**Data block:**
—————

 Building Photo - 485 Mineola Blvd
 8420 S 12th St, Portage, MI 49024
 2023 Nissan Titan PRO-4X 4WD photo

—————

**What you are asked to do:** Without changing a word, restate the whole listing.

**Answer to this task:**
 Building Photo - 485 Mineola Blvd
 8420 S 12th St, Portage, MI 49024
 2023 Nissan Titan PRO-4X 4WD photo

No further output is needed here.